The Edge tool is useful but I think you could replicate one with some careful machining. Note, important bits are the ground steel ends with center drills on outboard ends. Those OD's are what you are indicating on. The aluminum in the middle is basically a carrier, you are not indicating down that part. I'm 99% sure its a section of tubing which is cheap. You could in fact make a longer tube & increase the accuracy of tailstock offset on that (geometric) basis alone. The only criteria is that the indicator set up on your carriage but register on both the HS & TS collars without disrupting the indicator itself.
The other methods of turning test bars are either a continuous cut down cylindrical stock. Or you undercut the middle portion & then only cut the end 'dumbell' bosses for the accurate/measuring part.
The way I would make an Edge clone:
- turn 2 very identical steel collars parts with 1) center drill 2) collar boss 3) tubing ID fit in one lathe setup setting so they are all concentric. (This is a bit of chicken & egg because it presumes your tailstock for center drilling is reasonably accurate already)
- turn the tubing ends square & dress the ID bores also in one setup
- locktite the collars into either end
- with the assembly between centers, skim off a couple thou from the collar boss OD on HS end only.

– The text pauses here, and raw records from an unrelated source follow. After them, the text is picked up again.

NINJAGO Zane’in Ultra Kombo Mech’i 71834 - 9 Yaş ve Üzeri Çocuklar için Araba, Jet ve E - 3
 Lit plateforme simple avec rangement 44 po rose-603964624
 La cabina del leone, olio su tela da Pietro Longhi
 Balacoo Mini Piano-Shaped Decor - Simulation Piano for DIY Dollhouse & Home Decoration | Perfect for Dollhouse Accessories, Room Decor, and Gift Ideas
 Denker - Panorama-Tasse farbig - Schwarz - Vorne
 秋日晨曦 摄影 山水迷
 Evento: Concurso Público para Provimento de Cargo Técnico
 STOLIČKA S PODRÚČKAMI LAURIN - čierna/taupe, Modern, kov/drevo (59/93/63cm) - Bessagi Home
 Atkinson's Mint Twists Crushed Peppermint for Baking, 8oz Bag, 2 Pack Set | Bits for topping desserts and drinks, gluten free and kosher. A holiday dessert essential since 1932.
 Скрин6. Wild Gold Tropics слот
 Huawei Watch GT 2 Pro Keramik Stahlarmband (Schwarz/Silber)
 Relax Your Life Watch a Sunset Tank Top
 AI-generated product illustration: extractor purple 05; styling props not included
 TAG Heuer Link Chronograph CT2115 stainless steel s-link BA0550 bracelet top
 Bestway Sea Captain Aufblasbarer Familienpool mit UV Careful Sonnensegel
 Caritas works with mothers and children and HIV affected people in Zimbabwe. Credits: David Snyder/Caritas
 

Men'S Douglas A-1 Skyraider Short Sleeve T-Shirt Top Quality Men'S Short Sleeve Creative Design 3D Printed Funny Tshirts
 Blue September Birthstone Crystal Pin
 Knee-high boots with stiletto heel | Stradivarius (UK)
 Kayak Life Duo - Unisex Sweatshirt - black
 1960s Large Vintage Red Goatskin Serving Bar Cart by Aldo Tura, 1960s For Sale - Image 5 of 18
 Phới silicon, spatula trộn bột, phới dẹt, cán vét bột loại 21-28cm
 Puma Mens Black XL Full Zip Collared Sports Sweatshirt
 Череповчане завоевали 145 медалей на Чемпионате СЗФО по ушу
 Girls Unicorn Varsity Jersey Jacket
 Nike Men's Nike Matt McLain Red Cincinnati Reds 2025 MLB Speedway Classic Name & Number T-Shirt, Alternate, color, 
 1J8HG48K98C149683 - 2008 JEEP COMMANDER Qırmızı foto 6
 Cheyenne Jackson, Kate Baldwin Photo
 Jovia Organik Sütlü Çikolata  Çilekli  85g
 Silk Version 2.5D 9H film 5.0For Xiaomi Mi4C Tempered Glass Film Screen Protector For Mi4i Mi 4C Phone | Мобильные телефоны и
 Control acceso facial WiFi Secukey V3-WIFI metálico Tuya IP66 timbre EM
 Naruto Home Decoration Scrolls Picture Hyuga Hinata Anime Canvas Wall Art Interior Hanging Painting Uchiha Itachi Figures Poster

Lock the carriage on this setting. Flip the bar end for end & repeat. You have now accomplished making 'mostly' identical dumbell ends. (Clue: look at the video where they are grinding this feature). The caveat is if your lathe is a bit inaccurate to begin with, it might affect the accuracy of your test bar. But we are confining most of the error to cutting very close to the HS, not involving chucks & minimizing TS affect. By buying a ready to use bar, that has been done for us already. Choose your poison.
To use, you insert the bar between centers. Lock down the TS (important). Zero reference DTI off the HS collar, traverse down to TS end & compare that reading. Its that simple. No cutting involved, just measuring. Note there are 2 separate measurements which affect taper turning or off center drilling however you want to look at it.
- in/out across the lathe bed. Initially set the DTI ball at 3-oclock position. If HS measures 0.000" and TS is out toward operator 0.003" then jack the TS back in until it reads 0.000" but do this with the indicator in place because the jacking / set screw will likely have an affect on reading.
- up/down where TS is higher or lower than HS spindle. Set the DTI ball at 12-oclock position. I've heard most TS are factory set 1-2 thou high & isn't quite as bad as in/out from taper turning perspective. Supposedly this is to allow for wear. But I dont quite get this. My lathe has been 2 thou high since day-1.
But also realize that before the TS is zeroed into position, the lathe bed should have no twist and the HS must be aligned to the lathe bed. That's a different subject, but supersedes TS alignment.